■ AIM OF THE EXERCISE:
Count the lines below that hold the string "Blue". Give only that number.
##### SOURCE DATA #####
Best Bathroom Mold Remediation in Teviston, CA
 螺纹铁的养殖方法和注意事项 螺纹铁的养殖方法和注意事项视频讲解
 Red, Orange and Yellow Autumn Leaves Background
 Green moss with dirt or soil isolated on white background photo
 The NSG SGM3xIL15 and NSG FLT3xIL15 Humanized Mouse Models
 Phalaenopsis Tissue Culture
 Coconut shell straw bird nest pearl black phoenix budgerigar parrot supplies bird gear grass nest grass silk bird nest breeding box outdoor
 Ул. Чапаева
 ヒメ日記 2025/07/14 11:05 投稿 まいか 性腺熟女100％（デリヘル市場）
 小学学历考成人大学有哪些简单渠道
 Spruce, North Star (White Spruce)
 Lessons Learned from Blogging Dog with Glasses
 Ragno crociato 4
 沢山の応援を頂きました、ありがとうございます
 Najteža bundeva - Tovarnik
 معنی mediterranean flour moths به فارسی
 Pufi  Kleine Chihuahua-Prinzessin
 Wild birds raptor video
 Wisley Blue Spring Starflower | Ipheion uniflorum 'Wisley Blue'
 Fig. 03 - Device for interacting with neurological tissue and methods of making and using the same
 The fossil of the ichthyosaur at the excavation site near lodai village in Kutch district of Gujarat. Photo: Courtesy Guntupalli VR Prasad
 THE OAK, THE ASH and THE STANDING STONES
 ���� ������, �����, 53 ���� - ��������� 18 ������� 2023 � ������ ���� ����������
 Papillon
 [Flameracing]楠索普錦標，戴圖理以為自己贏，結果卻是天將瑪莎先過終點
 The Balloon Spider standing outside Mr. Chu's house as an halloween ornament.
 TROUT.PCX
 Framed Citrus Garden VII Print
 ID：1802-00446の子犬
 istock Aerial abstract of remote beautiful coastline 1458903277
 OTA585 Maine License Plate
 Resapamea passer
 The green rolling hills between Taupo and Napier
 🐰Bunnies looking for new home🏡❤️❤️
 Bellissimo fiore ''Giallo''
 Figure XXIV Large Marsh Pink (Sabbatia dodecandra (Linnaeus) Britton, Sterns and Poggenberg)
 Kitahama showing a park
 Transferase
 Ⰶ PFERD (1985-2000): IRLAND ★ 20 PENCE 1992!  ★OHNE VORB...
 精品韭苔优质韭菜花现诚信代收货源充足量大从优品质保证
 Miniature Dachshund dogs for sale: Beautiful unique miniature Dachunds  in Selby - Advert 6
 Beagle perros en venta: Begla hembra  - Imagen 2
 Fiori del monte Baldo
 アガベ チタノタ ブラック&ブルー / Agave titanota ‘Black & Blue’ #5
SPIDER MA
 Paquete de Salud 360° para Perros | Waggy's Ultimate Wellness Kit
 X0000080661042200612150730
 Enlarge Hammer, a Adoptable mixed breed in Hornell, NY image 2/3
#####
■ RESULT:
2